The most common Mexico itinerary is to the Mexican Riviera, visiting the west coast of the country, with Cabo San Lucas, Mazatlan and Puerto Vallarta being the most frequented ports on weeklong cruises. Other ports on the Pacific Ocean side include Acapulco, Ensenada, Huatulco, Manzanillo, Puerto Chiapas and Zihuatanejo – well-known as the town longed for in the film The Shawshank Redemption.
If you’ve already experienced a cruise as a quick weekend getaway and are ready for more, these full-circle trips of 6 days or longer are great for a complete vacation. Round-trips to the Mexican Riviera commence from the California homeports of San Francisco, Los Angeles and San Diego, and they are operated primarily by Carnival Cruise Lines, Holland America Line, Norwegian Cruise Line and Princess Cruises.
While not often dedicated exclusively to Mexico, plenty of western Caribbean sailings highlight the Mayan Riviera along Mexico’s east coast. The Mexican ports of Progresso, Costa Maya and Cozumel are all access points to the ancient Mayan civilization and its famous historical sites such as Chichen Itza, Tulum and San Gervasio.
At one time or another, all the mainstream cruise lines visit Mexico’s east coast from various departure ports in Florida, including Ft. Lauderdale, Miami, Port Canaveral and Tampa. Servicing additional states off the Gulf of Mexico, Norwegian Cruise Line also leaves from Louisiana; Disney Cruise Line and Princess Cruises also leave from Texas; and Carnival Cruise Lines and Royal Caribbean International also leave from both Louisiana and Texas.
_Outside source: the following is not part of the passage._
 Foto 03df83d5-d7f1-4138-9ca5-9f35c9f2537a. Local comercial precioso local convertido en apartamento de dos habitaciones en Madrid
Also alluring are a handful of unique sailings to the Sea of Cortez onboard Holland America Line and Azamara Club Cruises (the upscale boutique line and corporate cousin to Royal Caribbean International and Celebrity Cruises), and now is the time to book them with just a singular 12-day cruise available per line.
Holland America’s Statendam will set sail for the region in December 2013 round-trip from San Diego, and the Azamara Quest will follow in January 2014 round-trip from Los Angeles. A highlight of these voyages will be access to the Copper Canyon, Mexico’s equivalent to the Grand Canyon, as well as overnight stays.
The Statendam will stop in Puerto Vallarta for 2 days, and the Azamara Quest will do the same in Loreto. Late-evening stays are similarly a signature of Azamara, and the Quest will stay until 11 p.m. in both Topolobampo and Cabo San Lucas, while Holland America will stay just as late in Topolobampo. Additional featured ports flanking the Sea of Cortez will be La Paz and Guaymas.
Passing Through: Luxury Lines and Repositioning
Luxury cruise lines like Crystal Cruises, Regent Seven Seas Cruises, Seabourn Cruise Line and Silversea Cruises make it to Mexico infrequently, while other mainstream lines such as Celebrity Cruises, Disney Cruise Line, Oceania Cruises and Royal Caribbean International only get to Mexico’s west coast during repositioning -- between sailing regions -- or Panama Canal cruises. For more details on these cruises, as well as how to choose specific ships and dates for the other cruise operators mentioned above, it’s best to visit each line’s official website.